* GOAL OF THE EXERCISE: A verbatim copy of every record is required, and no pictures should be included.

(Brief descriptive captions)
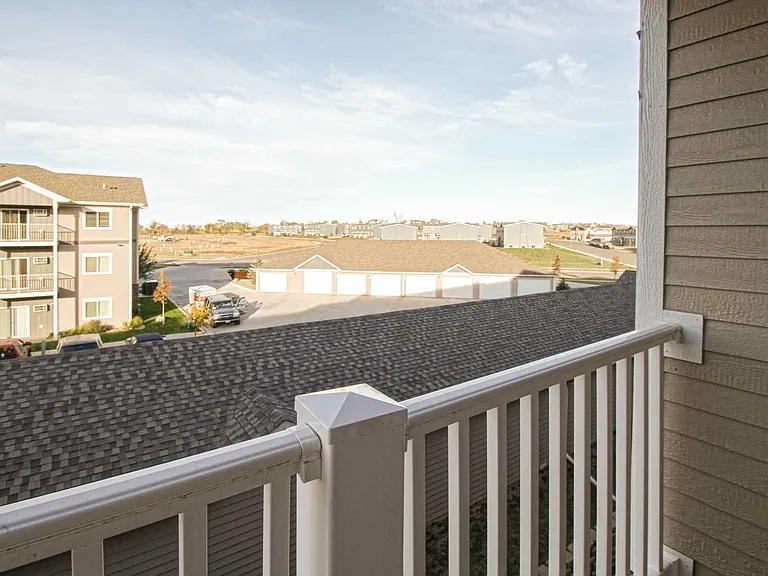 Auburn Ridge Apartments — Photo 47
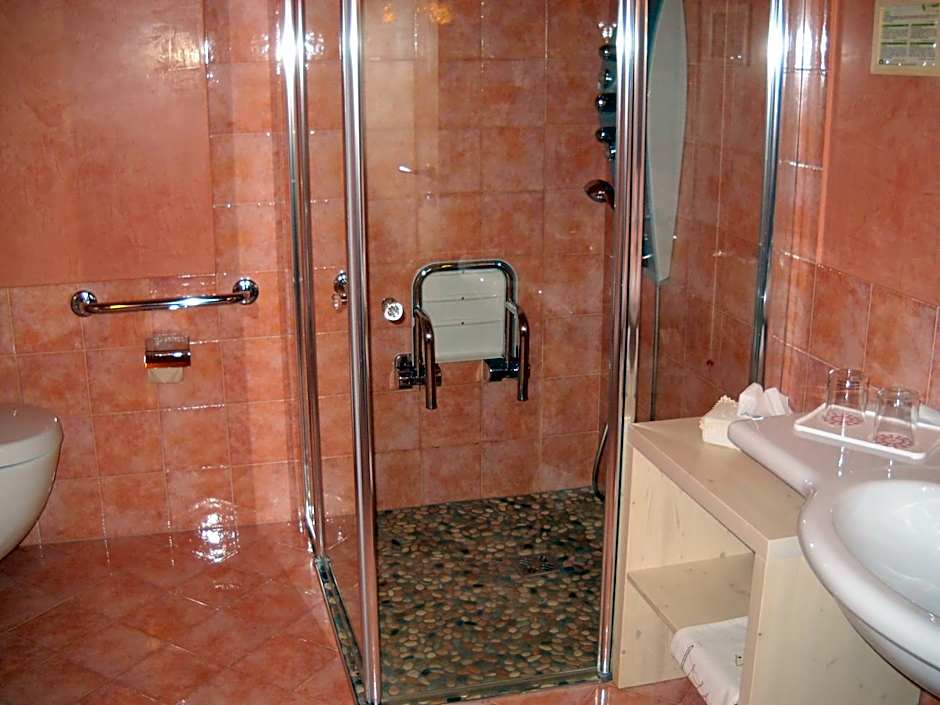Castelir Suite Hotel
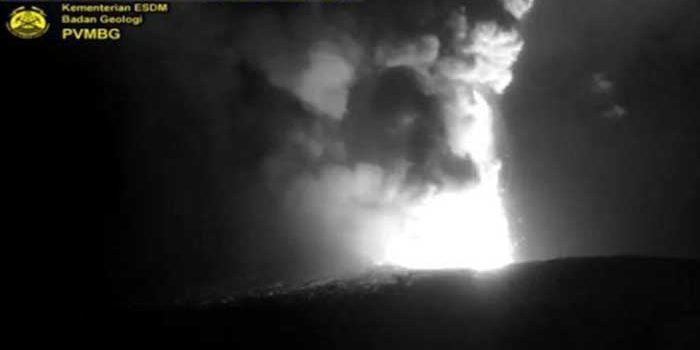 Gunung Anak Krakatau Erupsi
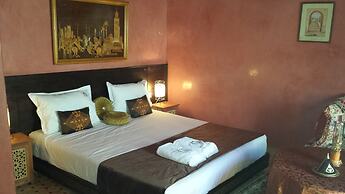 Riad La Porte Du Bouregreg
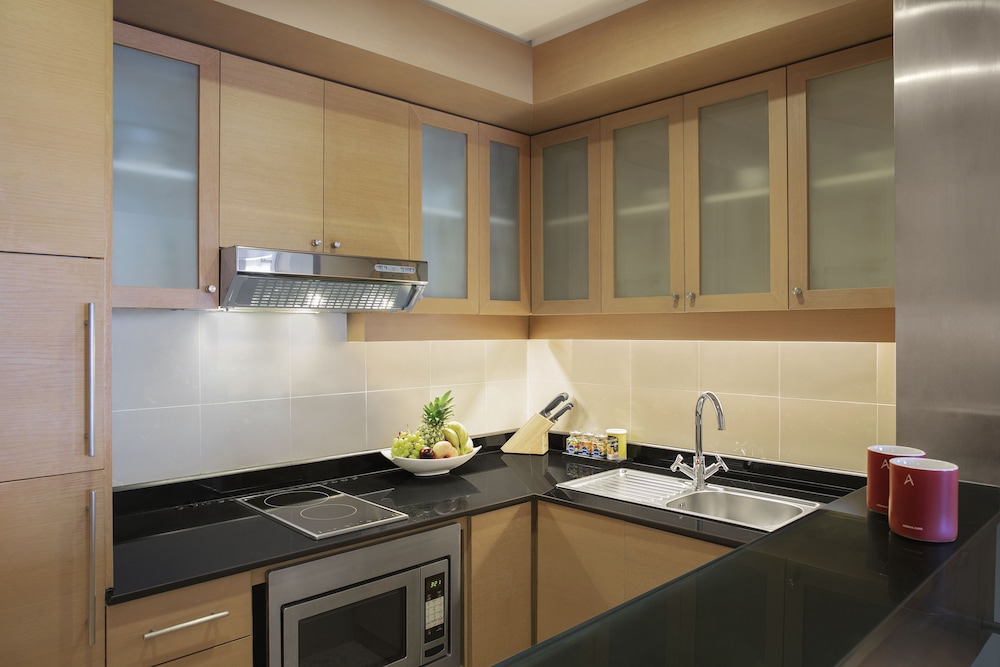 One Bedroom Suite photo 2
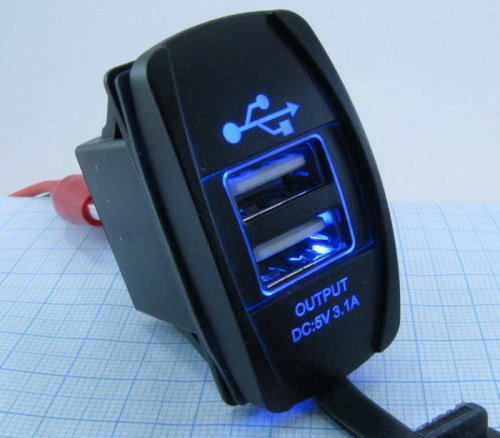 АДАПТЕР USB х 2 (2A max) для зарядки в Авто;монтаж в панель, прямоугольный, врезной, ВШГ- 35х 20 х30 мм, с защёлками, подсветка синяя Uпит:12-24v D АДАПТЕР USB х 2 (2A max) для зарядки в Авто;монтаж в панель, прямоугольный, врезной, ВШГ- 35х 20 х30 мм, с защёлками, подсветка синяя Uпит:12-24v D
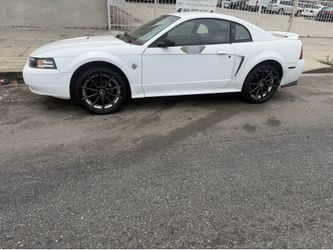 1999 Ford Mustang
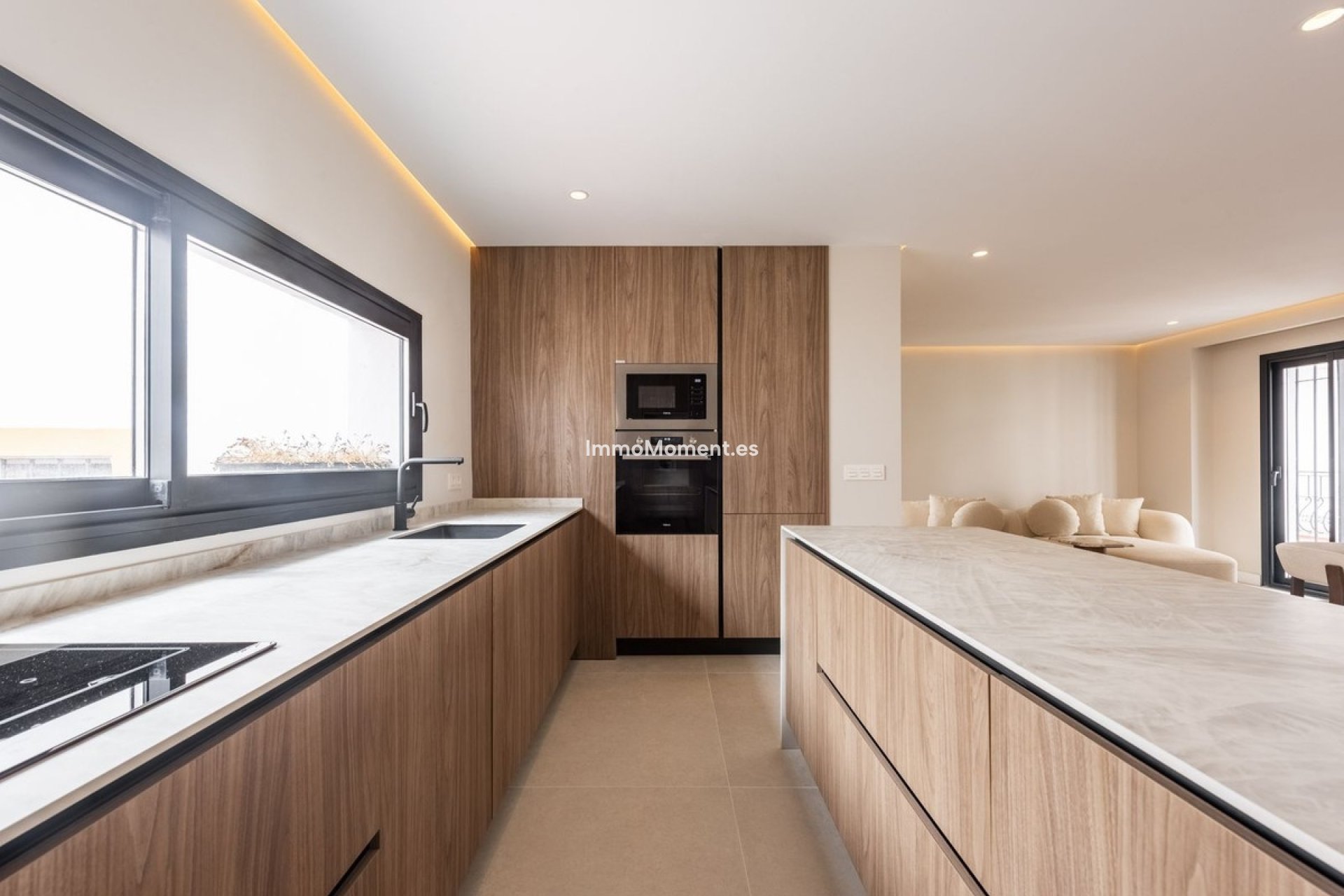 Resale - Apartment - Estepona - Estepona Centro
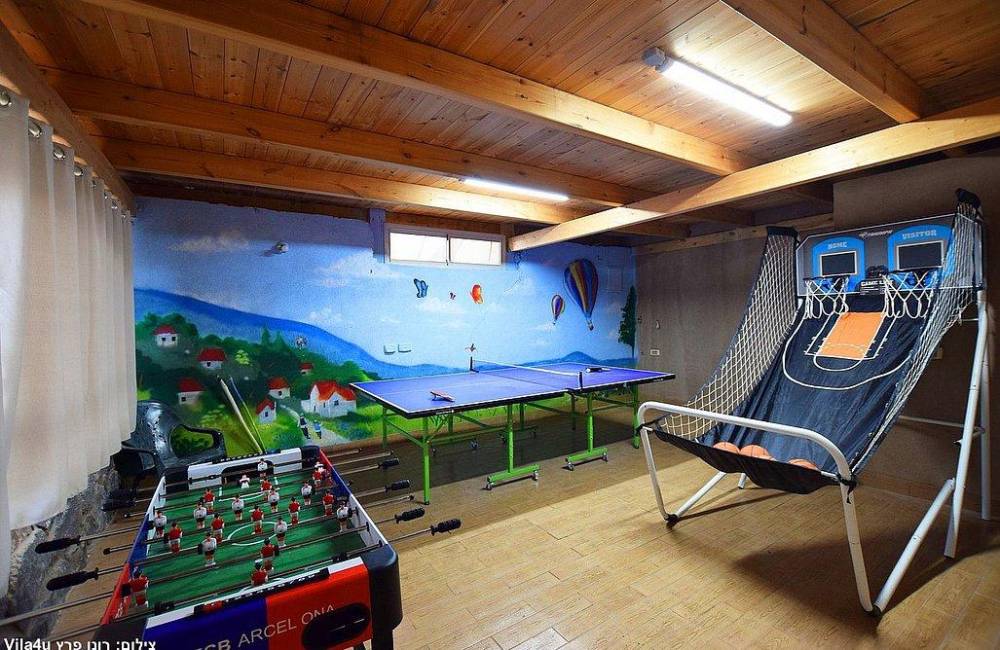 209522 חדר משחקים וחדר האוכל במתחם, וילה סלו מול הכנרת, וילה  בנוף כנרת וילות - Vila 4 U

* OUTPUT:
 Auburn Ridge Apartments — Photo 47
Castelir Suite Hotel
 Gunung Anak Krakatau Erupsi
 Riad La Porte Du Bouregreg
 One Bedroom Suite photo 2
 АДАПТЕР USB х 2 (2A max) для зарядки в Авто;монтаж в панель, прямоугольный, врезной, ВШГ- 35х 20 х30 мм, с защёлками, подсветка синяя Uпит:12-24v D АДАПТЕР USB х 2 (2A max) для зарядки в Авто;монтаж в панель, прямоугольный, врезной, ВШГ- 35х 20 х30 мм, с защёлками, подсветка синяя Uпит:12-24v D
 1999 Ford Mustang
 Resale - Apartment - Estepona - Estepona Centro
 209522 חדר משחקים וחדר האוכל במתחם, וילה סלו מול הכנרת, וילה  בנוף כנרת וילות - Vila 4 U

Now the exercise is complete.